À rede CNN, o professor assistente de estudos islâmicos da
Universidade Estadual da Geórgia, Abbas Barzegar, disse que esses atos
violentos são "parte de uma campanha fundamentalista de retomada de
símbolos antigos". "As punições desse tipo raramente foram vistas no
mundo muçulmano nos séculos recentes", ressaltou Barzegar. Os jihadistas
do EI vêm sistematicamente usando as crucificações - visualmente chocantes,
fisicamente crueis e moralmente humilhantes - como forma de propaganda para
aterrorizar as populações locais e também o Ocidente, pois sabem que as imagens
dos corpos crucificados correm o mundo. "O EI precisa anexar um
significado às suas mortes. Cometer meros assassinatos em um estado constante
de guerra carece de valor. Eles precisam promover uma mensagem de propaganda
por trás do que estão fazendo", conclui Barzegar.
Trajetória do EI após proclamação do califado
O começo - a queda das cidades de Raqqa e Mosul
Apesar de combater desde 2013 no Oriente Médio, o Estado
Islâmico (EI) ficou mundialmente conhecido ao assumir o controle completo de
Mosul, ao norte do Iraque, e Raqqa, ao norte da Síria. Raqqa é vista como a
capital do autoproclamado califado islâmico.
Especialistas divergem com relação
a data exata em que os terroristas invadiram a cidade, uma vez que o controle
geral do município só foi assegurado após combates entre o EI e outras facções
extremistas que lutam na guerra civil síria.

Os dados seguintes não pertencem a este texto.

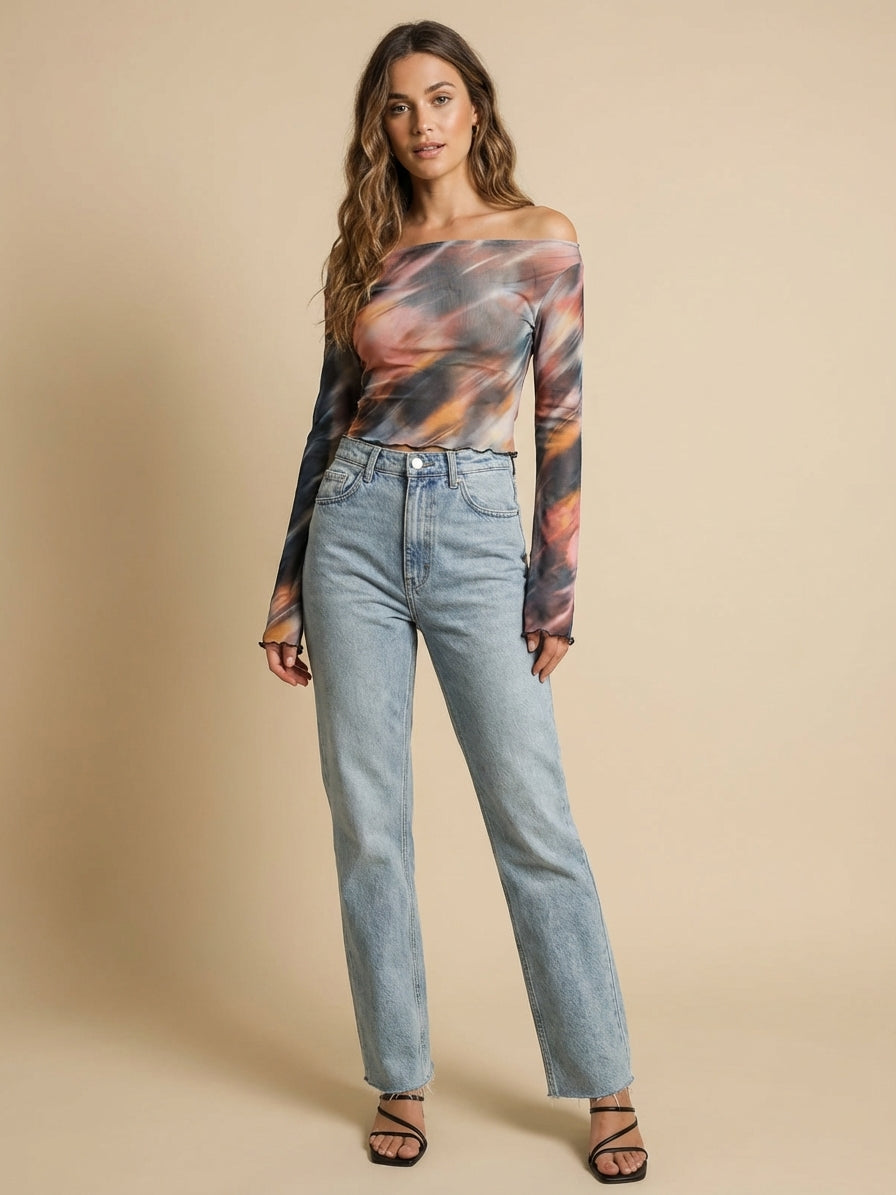 A woman stands against a beige background, wearing a long-sleeve, off-the-shoulder top with a colorful, swirling pattern and light blue jeans. She has long, wavy hair and is wearing black strappy sandals.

A última derrota da ditadura de
Bashar Assad na região ocorreu em agosto de 2014, quando os jihadistas
superaram o último foco de resistência do Exército na província de Raqqa e
assumiram o controle da base aérea de Tabqa, localizada a 40 quilômetros do
principal reduto dos radicais.
Mosul, a segunda maior cidade do Iraque, caiu por completo
nas mãos dos terroristas em 10 de junho de 2014. As Forças Armadas do país
foram tomadas de surpresa com o avanço repentino dos jihadistas e abandonaram
seus postos após os extremistas terem controlado o aeroporto local, prédios
públicos e da imprensa e prisões. Centenas de milhares de pessoas foram
obrigadas a abandonar suas casas após a investida do EI contra a cidade.